According to information on the Open WorldCat Pilot
page, "In most cases, the Open WorldCat pilot will
provide users with detailed library information in
as little as two clicks."5 Using either
Google or Yahoo!, enter a simple search string "find
in a library" plus the title of the item. OCLC says
that the WorldCat record should appear as the first
hit, and it usually does.
Click #1 takes users to a page where they can enter
their ZIP code to locate the nearest library that has
the item. Click #2 retrieves the list of libraries
in or around that ZIP code. If the local library's
catalog is linked, click #3 takes users either to a
library Web site or, in the best cases, directly to
the library's online catalog record for the item searched.
In the sample searches provided by OCLC, a search for
the title Benjamin Franklin: An American Life took
only two clicks to reach ZIP code 90401 and a Santa
Monica Public Library appearance in the list of libraries;
click #3 retrieved my library's online catalog record.
I think I'm in love!
Another sample search provided by OCLC, The Da
Vinci Code, using the same ZIP code, does not
list Santa Monica as one of the nearby libraries
even though Santa Monica actually has multiple copies
of the book. A Newsbreak6 by Searcher editor
Barbara Quint on Open WorldCat led to this article
when she called me to ask why. This particular title
is an anomaly. Santa Monica's record for the book
is not in WorldCat although it should be. Finding
no record for Santa Monica, the user is directed
to the next closest ZIP codes Beverly Hills
Public Library, where click #3 goes directly to the
online catalog record, and El Segundo Public Library,
where click #3 takes you to the online catalog search
screen but not to the individual record. Instead,
you must perform the title search again. Of the other
libraries listed, click #3 takes the user to the
El Camino College catalog login page, the Harvard-Westlake
Upper School catalog search page, the Woodbury University
catalog search page, and a broken link for UCLA that
goes nowhere.
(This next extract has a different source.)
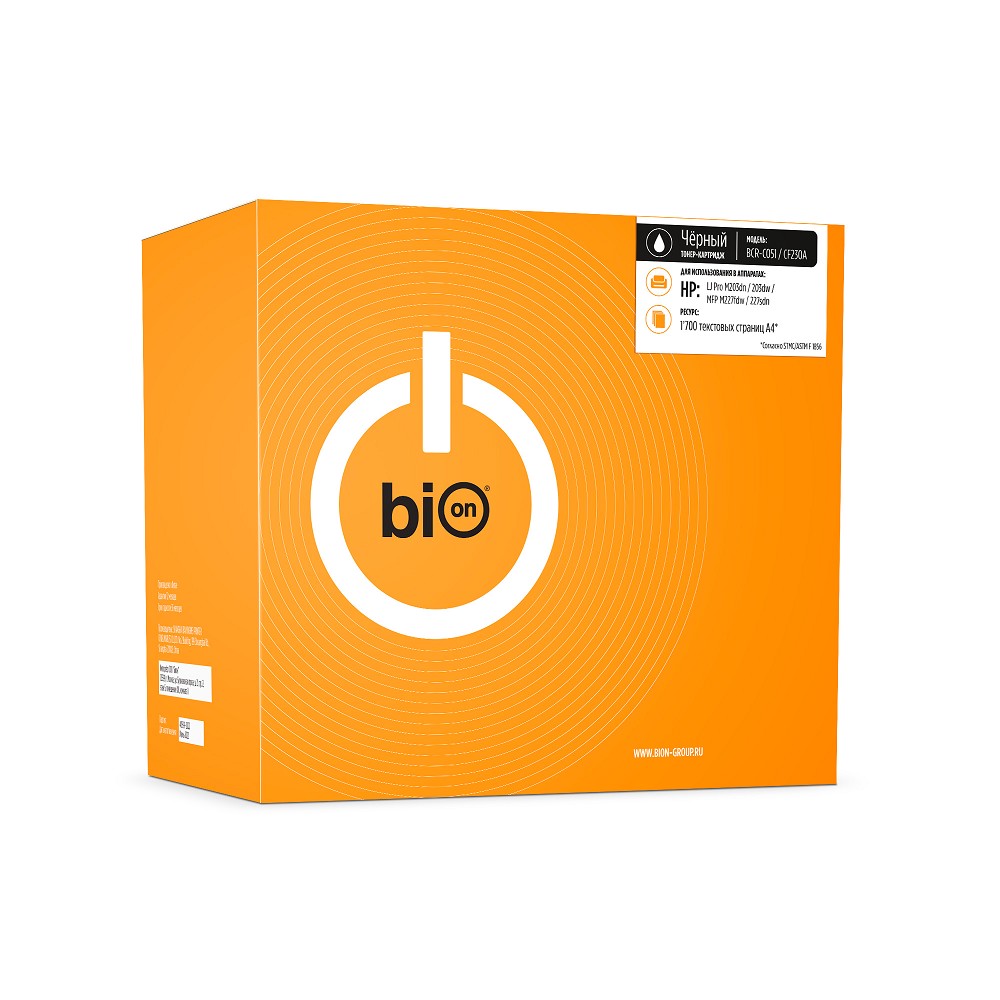 Bion BCR-C051/CF230A Картридж для HP LaserJet Pro M203d/M203dn/M203dw/MFP M227fdn/M227fdw/M227sdn; Canon imageCLASS LBP162dw/MF264dw/MF267dw/MF269dw (1700  стр.), Черный, с чипом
Obviously OCLC can't change the way
various online catalogs operate, but these varied
entry points are inconsistent and inconvenient.
Most consumers want to go directly to the item record
in a local library catalog. So why the inconsistencies?
According to McDonald, the hotlinked library name should
always take the user to the library OPAC. In most cases,
it drops the user at the home page for the catalog,
where the user has to re-enter the search. In some
cases, the link takes the user to the record for the
item in the OPAC. The ability to form this "deep link" depends
on a couple of factors: (1) how the library has configured
the link in its FirstSearch Administrative module and
(2) whether the OPAC supports deep linking. OCLC is
trying to get libraries to configure deep links in
FirstSearch. To do this, many libraries will need to
turn on this capability in the OPACs or ask the local
system vendor to do it. This is a high priority for
OCLC, and it is working closely with member libraries
and local system vendors to improve these links.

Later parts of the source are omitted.